◆ **ACTIVITY**: From the data below, please reproduce exactly everything from the line that contains "Сasa de vacaciones" down to the line that contains "Puma Future Z 1.1 Fg Ag 'Black' 106028-02", with both ends included.

◆ **LISTED RECORDS**:
____

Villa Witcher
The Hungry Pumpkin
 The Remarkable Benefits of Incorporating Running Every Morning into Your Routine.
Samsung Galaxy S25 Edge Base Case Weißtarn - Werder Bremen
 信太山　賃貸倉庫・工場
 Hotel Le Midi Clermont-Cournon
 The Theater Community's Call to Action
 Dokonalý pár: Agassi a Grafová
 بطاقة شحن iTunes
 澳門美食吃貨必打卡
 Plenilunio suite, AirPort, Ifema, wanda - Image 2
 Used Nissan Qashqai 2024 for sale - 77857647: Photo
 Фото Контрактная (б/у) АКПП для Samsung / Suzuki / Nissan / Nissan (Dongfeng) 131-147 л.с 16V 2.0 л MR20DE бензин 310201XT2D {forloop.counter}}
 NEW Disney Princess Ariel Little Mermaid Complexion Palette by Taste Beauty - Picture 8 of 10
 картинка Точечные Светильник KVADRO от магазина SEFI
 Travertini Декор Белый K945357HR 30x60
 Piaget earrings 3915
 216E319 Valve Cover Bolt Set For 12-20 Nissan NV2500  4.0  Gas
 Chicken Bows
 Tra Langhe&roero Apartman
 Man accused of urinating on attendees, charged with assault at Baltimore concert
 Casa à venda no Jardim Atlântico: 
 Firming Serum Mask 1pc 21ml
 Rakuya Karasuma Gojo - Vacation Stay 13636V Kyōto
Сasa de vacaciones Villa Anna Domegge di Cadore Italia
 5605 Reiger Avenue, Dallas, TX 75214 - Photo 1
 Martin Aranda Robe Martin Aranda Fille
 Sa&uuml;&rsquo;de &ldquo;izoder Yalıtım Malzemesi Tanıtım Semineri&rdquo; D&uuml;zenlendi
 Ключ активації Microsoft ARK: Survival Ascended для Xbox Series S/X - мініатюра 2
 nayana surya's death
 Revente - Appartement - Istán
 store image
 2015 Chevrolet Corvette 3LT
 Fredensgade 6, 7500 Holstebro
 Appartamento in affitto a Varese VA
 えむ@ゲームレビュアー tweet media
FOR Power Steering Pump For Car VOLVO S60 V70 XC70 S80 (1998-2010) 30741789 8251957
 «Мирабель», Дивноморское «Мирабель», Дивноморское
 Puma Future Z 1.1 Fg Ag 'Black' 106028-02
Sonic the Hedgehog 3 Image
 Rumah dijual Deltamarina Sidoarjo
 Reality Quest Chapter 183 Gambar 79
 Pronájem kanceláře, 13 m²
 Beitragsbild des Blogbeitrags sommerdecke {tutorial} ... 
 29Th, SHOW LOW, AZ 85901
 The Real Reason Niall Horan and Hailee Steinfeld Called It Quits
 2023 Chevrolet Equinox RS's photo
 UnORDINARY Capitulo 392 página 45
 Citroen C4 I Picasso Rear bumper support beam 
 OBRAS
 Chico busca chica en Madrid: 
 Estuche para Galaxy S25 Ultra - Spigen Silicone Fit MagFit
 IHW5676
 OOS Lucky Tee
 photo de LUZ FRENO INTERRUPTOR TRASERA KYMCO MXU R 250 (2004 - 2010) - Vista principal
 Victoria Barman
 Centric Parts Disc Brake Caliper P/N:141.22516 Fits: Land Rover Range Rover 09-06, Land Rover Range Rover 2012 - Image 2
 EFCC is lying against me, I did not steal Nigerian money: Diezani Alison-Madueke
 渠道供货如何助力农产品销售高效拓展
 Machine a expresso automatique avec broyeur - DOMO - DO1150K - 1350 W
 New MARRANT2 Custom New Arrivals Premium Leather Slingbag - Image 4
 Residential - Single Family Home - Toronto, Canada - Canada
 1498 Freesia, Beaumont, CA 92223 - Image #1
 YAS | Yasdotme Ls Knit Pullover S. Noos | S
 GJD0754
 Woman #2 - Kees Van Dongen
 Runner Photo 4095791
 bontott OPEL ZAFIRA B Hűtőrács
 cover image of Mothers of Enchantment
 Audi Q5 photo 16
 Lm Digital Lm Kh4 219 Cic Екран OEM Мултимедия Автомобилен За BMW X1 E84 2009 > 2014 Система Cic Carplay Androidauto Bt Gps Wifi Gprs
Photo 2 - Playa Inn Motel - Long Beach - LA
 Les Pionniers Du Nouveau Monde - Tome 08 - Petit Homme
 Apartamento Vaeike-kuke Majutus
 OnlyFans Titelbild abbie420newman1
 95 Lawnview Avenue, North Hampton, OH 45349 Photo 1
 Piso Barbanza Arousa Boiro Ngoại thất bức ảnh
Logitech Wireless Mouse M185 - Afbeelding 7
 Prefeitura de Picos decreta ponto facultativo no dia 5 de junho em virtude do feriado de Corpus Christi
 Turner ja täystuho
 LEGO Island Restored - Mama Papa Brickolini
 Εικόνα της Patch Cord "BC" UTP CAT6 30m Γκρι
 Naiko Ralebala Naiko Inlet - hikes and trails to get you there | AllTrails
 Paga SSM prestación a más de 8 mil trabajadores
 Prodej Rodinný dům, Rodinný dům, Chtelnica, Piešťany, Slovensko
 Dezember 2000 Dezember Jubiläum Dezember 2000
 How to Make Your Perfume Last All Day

____

◆ **SOLUTION TO THE PROBLEM**:
Сasa de vacaciones Villa Anna Domegge di Cadore Italia
 5605 Reiger Avenue, Dallas, TX 75214 - Photo 1
 Martin Aranda Robe Martin Aranda Fille
 Sa&uuml;&rsquo;de &ldquo;izoder Yalıtım Malzemesi Tanıtım Semineri&rdquo; D&uuml;zenlendi
 Ключ активації Microsoft ARK: Survival Ascended для Xbox Series S/X - мініатюра 2
 nayana surya's death
 Revente - Appartement - Istán
 store image
 2015 Chevrolet Corvette 3LT
 Fredensgade 6, 7500 Holstebro
 Appartamento in affitto a Varese VA
 えむ@ゲームレビュアー tweet media
FOR Power Steering Pump For Car VOLVO S60 V70 XC70 S80 (1998-2010) 30741789 8251957
 «Мирабель», Дивноморское «Мирабель», Дивноморское
 Puma Future Z 1.1 Fg Ag 'Black' 106028-02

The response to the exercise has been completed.